D'abord parce que l'Algérie n'a pas succombé au chant des sirènes du printemps arabe, et est restée sereine, quand les autres pays arabes ont été laminés par une vague de fond qui hypothèque aujourd'hui leur avenir. Ensuite, le tout nouveau «Raïs» d'Egypte, a besoin d'écouter la partie algérienne, et en particulier les conseils du Président Bouteflika, sur nombre de dossiers stratégiques de la coopération bilatérale, et d'avoir le point de vue sur d'autres questions régionales, dont le terrorisme, la mise en place de nouvelles relations de coopération dans la région et, surtout, remettre de l'ordre dans une Egypte à cheval entre paix et terrorisme.
D'autant que le pays traverse une dure crise économique sur fond de violence armée.

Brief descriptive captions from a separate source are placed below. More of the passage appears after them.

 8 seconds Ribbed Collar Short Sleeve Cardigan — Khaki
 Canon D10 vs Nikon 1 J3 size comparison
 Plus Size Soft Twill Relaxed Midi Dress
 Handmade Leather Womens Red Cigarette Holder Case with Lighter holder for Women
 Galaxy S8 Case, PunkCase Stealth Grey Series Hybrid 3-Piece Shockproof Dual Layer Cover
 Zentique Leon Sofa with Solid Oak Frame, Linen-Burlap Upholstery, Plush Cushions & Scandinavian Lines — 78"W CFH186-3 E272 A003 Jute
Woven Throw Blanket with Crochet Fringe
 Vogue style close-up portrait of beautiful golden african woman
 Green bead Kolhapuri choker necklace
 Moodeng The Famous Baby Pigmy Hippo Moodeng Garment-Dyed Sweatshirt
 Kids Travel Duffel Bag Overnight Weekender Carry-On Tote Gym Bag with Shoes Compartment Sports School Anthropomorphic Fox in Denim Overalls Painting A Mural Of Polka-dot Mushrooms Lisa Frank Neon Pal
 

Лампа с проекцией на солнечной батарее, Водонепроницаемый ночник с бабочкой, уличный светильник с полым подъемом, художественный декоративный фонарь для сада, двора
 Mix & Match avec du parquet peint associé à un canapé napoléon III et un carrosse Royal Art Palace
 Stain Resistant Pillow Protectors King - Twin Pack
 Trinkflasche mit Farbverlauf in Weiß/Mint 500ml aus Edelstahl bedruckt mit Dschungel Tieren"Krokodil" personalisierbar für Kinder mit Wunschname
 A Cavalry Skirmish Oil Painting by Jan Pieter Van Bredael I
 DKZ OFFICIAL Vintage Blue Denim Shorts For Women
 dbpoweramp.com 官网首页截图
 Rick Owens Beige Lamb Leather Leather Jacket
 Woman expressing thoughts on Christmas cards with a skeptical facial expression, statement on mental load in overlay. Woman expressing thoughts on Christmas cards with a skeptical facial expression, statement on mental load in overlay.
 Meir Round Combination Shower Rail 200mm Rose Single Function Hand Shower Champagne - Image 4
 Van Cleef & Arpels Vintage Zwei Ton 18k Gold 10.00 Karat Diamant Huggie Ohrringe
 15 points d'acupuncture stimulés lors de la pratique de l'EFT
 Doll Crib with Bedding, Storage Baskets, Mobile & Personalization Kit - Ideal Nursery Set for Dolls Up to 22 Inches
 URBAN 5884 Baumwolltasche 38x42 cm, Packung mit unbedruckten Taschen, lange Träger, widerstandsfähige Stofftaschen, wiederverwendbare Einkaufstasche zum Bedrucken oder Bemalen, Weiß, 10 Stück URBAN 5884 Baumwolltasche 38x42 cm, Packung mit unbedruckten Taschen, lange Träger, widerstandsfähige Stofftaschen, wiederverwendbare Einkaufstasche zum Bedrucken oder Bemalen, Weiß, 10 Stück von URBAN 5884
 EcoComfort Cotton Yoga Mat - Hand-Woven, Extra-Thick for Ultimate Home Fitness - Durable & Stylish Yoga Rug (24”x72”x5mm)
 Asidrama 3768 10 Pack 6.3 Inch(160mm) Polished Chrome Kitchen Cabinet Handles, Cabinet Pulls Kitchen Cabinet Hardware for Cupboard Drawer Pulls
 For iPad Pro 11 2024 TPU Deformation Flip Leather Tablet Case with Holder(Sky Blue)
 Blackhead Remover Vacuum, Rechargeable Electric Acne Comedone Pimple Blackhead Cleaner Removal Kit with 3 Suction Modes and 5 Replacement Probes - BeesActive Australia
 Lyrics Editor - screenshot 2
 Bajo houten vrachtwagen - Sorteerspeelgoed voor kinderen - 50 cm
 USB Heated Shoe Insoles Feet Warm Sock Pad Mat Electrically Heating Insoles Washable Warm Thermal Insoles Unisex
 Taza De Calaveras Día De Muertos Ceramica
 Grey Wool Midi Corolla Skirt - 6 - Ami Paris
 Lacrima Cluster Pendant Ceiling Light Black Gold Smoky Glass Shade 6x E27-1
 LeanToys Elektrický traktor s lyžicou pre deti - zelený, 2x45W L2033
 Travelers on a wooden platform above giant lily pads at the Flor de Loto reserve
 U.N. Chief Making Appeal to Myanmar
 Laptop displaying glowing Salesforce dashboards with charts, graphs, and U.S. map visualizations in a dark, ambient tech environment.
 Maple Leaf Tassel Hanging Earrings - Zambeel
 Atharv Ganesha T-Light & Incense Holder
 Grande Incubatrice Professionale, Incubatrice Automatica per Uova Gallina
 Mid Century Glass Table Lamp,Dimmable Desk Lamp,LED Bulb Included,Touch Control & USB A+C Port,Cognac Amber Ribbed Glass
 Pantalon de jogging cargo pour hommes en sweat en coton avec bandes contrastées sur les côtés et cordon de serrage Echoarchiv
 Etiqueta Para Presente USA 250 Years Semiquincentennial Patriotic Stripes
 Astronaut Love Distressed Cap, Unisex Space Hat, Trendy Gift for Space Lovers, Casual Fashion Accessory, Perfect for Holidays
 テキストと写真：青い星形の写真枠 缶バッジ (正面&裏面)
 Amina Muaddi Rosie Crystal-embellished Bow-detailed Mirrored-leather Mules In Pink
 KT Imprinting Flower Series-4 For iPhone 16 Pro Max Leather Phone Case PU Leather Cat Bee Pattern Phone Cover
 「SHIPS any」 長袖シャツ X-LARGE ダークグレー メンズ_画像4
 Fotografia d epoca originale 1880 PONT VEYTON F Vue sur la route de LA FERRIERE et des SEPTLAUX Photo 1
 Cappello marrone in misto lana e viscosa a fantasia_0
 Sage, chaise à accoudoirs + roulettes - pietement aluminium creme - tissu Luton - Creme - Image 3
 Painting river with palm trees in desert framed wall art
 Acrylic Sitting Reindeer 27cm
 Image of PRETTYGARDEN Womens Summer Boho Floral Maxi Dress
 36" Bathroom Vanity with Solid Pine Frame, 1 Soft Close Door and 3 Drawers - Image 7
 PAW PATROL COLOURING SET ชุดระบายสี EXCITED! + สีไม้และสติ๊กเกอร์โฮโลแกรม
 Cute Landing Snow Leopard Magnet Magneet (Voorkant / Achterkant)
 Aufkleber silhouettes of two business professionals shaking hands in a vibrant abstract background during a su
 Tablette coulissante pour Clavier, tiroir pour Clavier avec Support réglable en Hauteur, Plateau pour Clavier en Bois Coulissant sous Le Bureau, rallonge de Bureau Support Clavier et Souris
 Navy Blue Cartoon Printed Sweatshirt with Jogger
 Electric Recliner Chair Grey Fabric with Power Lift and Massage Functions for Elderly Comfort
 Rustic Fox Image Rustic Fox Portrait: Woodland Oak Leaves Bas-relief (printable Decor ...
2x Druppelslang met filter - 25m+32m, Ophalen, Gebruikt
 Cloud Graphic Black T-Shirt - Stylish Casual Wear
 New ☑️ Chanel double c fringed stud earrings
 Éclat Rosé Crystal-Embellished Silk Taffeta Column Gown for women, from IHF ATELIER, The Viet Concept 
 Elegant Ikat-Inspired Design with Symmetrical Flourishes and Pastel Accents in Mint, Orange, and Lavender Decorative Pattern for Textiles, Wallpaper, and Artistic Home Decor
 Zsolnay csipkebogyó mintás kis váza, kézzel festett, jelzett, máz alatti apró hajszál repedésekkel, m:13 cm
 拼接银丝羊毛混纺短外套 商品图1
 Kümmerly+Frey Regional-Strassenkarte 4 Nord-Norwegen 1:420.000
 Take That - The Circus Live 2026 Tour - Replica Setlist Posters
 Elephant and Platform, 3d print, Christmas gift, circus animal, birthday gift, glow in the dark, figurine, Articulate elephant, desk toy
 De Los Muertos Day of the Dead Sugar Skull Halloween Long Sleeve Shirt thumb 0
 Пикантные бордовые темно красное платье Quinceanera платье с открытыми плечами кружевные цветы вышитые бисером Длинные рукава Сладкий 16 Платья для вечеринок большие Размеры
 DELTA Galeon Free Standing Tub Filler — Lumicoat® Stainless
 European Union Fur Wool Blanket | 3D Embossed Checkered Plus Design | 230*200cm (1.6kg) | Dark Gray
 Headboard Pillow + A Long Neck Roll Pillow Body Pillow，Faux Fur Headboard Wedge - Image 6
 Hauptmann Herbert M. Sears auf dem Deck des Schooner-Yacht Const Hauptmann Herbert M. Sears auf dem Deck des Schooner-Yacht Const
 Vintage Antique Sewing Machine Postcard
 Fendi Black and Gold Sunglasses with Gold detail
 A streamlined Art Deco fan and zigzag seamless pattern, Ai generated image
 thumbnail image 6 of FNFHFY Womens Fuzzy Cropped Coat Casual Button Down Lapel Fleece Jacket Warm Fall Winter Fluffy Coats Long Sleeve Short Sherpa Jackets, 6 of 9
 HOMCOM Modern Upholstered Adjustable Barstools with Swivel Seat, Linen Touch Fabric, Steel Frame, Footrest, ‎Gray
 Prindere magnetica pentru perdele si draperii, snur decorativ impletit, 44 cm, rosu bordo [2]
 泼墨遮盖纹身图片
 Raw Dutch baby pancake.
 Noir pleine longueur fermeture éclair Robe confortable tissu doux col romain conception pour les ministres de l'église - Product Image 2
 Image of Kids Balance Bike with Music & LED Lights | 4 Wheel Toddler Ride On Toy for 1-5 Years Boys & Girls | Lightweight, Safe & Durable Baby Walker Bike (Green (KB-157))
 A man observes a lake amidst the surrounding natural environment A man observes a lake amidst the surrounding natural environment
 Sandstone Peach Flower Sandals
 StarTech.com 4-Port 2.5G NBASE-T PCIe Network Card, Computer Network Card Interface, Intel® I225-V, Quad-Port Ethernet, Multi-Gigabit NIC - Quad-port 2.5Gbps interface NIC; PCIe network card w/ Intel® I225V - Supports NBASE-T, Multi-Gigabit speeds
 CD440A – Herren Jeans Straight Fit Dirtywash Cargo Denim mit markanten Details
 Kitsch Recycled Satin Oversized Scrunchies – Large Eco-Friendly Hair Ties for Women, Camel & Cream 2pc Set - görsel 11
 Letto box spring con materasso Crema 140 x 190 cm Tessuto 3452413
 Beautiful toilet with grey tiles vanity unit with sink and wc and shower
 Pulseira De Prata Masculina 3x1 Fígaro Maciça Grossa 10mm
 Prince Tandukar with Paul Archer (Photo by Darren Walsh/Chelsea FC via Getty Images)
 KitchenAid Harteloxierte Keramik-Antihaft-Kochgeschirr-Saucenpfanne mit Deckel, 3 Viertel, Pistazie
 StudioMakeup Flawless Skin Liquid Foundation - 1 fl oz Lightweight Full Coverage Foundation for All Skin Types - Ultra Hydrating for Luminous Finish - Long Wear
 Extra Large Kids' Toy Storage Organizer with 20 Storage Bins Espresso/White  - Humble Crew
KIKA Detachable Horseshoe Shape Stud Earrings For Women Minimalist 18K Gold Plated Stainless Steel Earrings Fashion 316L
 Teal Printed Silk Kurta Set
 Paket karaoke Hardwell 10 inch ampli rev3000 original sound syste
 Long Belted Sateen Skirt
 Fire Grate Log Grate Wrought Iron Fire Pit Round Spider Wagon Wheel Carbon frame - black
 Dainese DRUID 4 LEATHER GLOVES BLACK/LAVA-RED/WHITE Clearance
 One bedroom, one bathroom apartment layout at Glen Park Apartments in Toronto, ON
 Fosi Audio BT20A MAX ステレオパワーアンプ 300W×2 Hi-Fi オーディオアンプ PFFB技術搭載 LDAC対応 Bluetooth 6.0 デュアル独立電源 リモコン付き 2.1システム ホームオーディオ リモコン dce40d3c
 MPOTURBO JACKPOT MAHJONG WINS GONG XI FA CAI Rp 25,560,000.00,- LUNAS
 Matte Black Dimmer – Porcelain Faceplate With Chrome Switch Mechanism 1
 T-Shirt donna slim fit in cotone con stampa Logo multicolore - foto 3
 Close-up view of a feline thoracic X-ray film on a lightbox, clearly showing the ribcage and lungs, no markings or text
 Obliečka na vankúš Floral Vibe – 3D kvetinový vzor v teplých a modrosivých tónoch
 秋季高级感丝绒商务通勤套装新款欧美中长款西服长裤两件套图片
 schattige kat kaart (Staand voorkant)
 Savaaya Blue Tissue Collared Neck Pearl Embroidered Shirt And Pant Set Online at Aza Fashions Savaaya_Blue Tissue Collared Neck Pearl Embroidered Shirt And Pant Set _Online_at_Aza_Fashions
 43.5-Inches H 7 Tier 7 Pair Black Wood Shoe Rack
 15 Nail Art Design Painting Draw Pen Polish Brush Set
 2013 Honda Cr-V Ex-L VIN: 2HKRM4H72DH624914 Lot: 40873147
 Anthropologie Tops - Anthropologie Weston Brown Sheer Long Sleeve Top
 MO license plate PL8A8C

Il y a des litiges commerciaux et économiques entre les deux pays, que l'Egypte veut résoudre, même si l'Algérie a fait de son côté ce qu'il y a lieu de faire, notamment dans l'affaire Djezzy. Et puis, il y a le gaz algérien dont l'Egypte a grandement besoin dans la phase actuelle, d'autant que l'Algérie consent aux Egyptiens un prix intéressant pour faire tourner leur industrie. Autant de raisons donc qui ont fait que la première visite du nouveau président égyptien dans un pays étranger a été l'Algérie.
Et le président Al Sissi, au sortir de son entretien avec le chef de l'Etat, n'a pas manqué de confirmer cette analyse : «Ma visite en Algérie a pour objectif de dégager une véritable entente et une vision conjointe des intérêts communs et des défis qui se posent aux deux pays et à la région». Une déclaration qui laisse cependant transparaître l'empressement du Caire à bâtir de nouvelles relations de travail avec l'Algérie et, surtout, de repartir sur de nouvelles bases, après tout ce qui a été dit et fait après l'épisode des éliminatoires de la coupe du monde 2010.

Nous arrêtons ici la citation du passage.